In 2001, exiles have reported a number of Tibetan-run clinics that do not operate with any support from the PRC government. A monk from Ngaba County, Sichuan, reports that the clinic at his Ganden Choephel Ling Monastery provides service to the community, and “…it is accepted if you pay the medical fees later.”64 A nomad from the Derge County, Chamdo Prefecture, “TAR”, spoke of the Tibetan clinic in a nearby village, where “…you can give money if you have, and you can also not give money. They don’t ask you for medical fees.”65 The service received from traditional Tibetan-run clinics is said to be more accessible and affordable, but it appears to only receive support from Beijing in light of its ability to cut expenses from the PRC healthcare budget.66

This approach contrasts to the testimonies reporting Tibetans dying outside health clinics due to their inability to pay.67 The increasing use of – and trust in – Tibetan medicine is indicative of its accessibility and utility to those who are unsatisfied with, or incapable of accessing, Chinese treatment. Increased training and support for Tibetan doctors and healthcare worker is crucial to increase the number of Tibetans who are able to receive adequate healthcare. Unless Tibetans are involved in the delivery of healthcare to their own communities, it is unlikely that their health conditions will improve.

Uncertainty in treatment

The 8,984 health employees claimed by China to service 80 percent of Tibet’s townships68 may exist on paper only, according to a December 2000 fact-finding mission by Beijing’s US Embassy.69 Authorities have admitted to difficulties in training and providing salaries. This leads to poor service and low levels of trust in alleged “health workers”.70 Exiles escaping to India are reporting a lack of confidence in the treatment received through the Chinese healthcare system.71 One informant from Chungpo Township, Tengchen County, Chamdo, “TAR”, explained that “if there are well qualified doctors then the public has faith in them. Some of the doctors are not well qualified”..72

Although the Chinese government claims over 8,000 healthcare workers, many employees are Tibetan villagers who may not be paid for their work and are often inadequately provided with facilities or medicine, operating rather as unskilled pharmacists. A refugee from Pomda County, Chamdo Prefecture, “TAR”, told of a man in his village who “gave outdated medicine that helped very little, and not for free. He doesn’t have any medical training…and is paid 30 yuan (US$3.50) per month by the government.”73 International agencies noted this lack of training and low skills of healthcare workers as early as 1997.74

Trust in the healthcare provided is integral to establishing a cohesive system, but cannot be achieved without substantial improvement in services. Without trust in the system, Tibetans report an unwillingness to seek services that are found to be lacking in quality treatment, available medicine, and with poorly-trained staff.

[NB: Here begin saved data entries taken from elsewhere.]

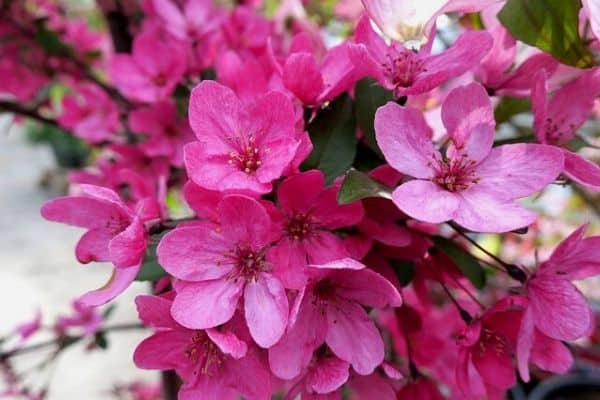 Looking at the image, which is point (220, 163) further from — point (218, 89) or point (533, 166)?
point (533, 166)

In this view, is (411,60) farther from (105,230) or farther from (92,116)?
(92,116)

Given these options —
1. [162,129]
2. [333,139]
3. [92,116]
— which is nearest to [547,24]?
[333,139]

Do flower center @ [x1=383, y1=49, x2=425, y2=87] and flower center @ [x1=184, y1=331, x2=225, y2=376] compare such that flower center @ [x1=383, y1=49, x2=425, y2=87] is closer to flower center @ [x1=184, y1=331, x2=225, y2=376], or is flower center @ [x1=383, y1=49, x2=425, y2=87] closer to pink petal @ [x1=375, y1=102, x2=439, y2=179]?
pink petal @ [x1=375, y1=102, x2=439, y2=179]

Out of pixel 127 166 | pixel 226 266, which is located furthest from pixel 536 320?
pixel 127 166

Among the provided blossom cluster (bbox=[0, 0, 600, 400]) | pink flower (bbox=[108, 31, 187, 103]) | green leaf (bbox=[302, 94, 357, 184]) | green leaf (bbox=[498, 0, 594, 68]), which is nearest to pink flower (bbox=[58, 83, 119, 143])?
pink flower (bbox=[108, 31, 187, 103])

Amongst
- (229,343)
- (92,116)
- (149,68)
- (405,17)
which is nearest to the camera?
(229,343)

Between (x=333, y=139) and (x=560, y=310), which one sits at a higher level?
(x=333, y=139)

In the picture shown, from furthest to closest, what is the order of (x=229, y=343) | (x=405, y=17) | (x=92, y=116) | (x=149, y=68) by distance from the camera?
1. (x=92, y=116)
2. (x=149, y=68)
3. (x=405, y=17)
4. (x=229, y=343) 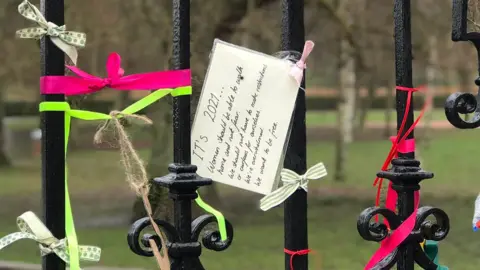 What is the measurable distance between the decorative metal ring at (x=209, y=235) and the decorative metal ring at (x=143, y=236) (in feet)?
0.14

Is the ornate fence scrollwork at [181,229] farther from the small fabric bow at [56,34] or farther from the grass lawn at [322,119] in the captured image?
the grass lawn at [322,119]

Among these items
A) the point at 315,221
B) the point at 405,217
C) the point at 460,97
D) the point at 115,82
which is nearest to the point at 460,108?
the point at 460,97

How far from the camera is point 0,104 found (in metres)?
15.1

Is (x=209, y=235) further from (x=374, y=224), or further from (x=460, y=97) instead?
(x=460, y=97)

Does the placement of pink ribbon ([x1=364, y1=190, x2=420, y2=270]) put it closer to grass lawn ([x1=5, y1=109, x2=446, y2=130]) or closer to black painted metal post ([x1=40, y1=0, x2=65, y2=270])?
black painted metal post ([x1=40, y1=0, x2=65, y2=270])

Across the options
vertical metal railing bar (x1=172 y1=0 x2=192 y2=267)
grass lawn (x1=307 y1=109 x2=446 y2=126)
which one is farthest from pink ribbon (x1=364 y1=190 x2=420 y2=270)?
grass lawn (x1=307 y1=109 x2=446 y2=126)

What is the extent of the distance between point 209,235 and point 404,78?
1.73 ft

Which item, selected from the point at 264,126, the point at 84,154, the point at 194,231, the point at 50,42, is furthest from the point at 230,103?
the point at 84,154

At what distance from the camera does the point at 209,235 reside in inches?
58.1

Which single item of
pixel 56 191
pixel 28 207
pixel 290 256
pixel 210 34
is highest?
pixel 210 34

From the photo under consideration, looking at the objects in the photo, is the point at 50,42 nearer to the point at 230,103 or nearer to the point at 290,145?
the point at 230,103

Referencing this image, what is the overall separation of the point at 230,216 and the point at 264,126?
858 cm

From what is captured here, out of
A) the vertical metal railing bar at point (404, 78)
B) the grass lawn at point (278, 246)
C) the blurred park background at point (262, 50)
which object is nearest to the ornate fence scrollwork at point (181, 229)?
the vertical metal railing bar at point (404, 78)

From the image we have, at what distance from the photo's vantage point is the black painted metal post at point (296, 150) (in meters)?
1.50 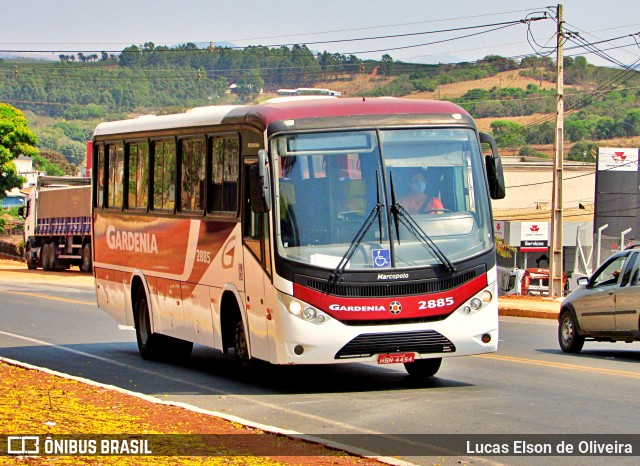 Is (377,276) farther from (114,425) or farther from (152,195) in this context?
(152,195)

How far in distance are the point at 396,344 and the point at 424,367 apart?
1.93m

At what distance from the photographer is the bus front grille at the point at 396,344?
12.4m

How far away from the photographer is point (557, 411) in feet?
37.6

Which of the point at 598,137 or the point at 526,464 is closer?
the point at 526,464

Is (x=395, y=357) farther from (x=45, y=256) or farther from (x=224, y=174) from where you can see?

This sentiment is shared by the US Embassy delegation report: “Given the risks of transportation, and uncertainty of the quality of the treatment upon reaching a hospital, many potential emergency patients end up taking their chances at home.”75

Recently-exiled Tibetans have cited the cost, availability and effectiveness of medicines as a major complaint. They report malpractice in the treatment of semi-literate, or illiterate patients. As doctors know that such patients are unable to read their prescriptions, out-of-date, or incorrect medicines are given76 . Main county hospitals are found to pass on their expired medicines to the rural areas.77 Medicines are sometimes found to be ineffective, or to worsen conditions.78

It is also alleged that under-funded medical centres elevate the prices of medicines to boost their income.79 Hence, expensive or optional medicines are portrayed as life-saving: “If you are seriously ill and almost dying they will say that you will recover if you buy such and such medicines, and it is up to you whether you buy them. So when the person is almost dying he will buy medicines.”80

Within Tibet, diseases such as tuberculosis (TB), Kashin-Beck disease,81 leprosy and hepatitis are alarmingly common. One source estimated that in some areas in Tibet, TB levels are as high as 20 percent.82 Other common ailments on the plateau include chest conditions, diarrheal diseases, stomach disorders, rickets, goiter, eye infections and complaints of the heart, lungs and liver83 . The prevalence of these common and preventable diseases indicates that China’s health treatment, or education campaigns, do not effectively extend beyond the urban centres.

The ICESCR84 has recommended that in order for states to realise the highest standards of health, “The prevention, treatment and control of epidemic, endemic, occupational and other diseases”, is paramount; this encompasses the need for immunisations. For many diseases, China’s reported domestic immunisation levels are close to 100 percent.85 Tibet’s children, despite a centralised PRC policy, do not receive comparable immunisation. As with many health service, newly arrived exiles report varying levels of immunisation in different areas. Throughout most regions of Tibet, however, it seems the vaccinations — where they exist — consist of annual injections for babies or toddlers, and are not given to adults unless they display serious symptoms.86

A now-exiled doctor reports that while hospitals in larger townships routinely administer immunisations, rural and nomadic children are the responsibility of health workers who have an aversion to travelling into outlying areas.87 Judging by the testimonies of new exiles this year who hail from rural areas, vaccinations in Tibet are rare: “The government does not give preventative vaccinations.”88 In other areas, “When children are two or three years old, Tibetan doctors are sent up from the county to give the preventative vaccinations. They are sent once a year, and do not charge medical fees.”89 These exceptions suggest that the medical neglect facing rural children may be less a matter of state policy than one of effective implementation.

The well-being of women

A variety of international laws guarantee women special protection in regard to their health, particularly reproductive rights. The Convention on the Elimination of All Forms of Discrimination Against Women (CEDAW) makes it clear that birth control policies should be based not on coersion or force, but on choice, education and economic security. 90 China has been a signatory to CEDAW for over a decade; in ratifying this Convention, it is bound to uphold its provisions and, under Article 2 of its constitution, agrees to condemn discrimination against women.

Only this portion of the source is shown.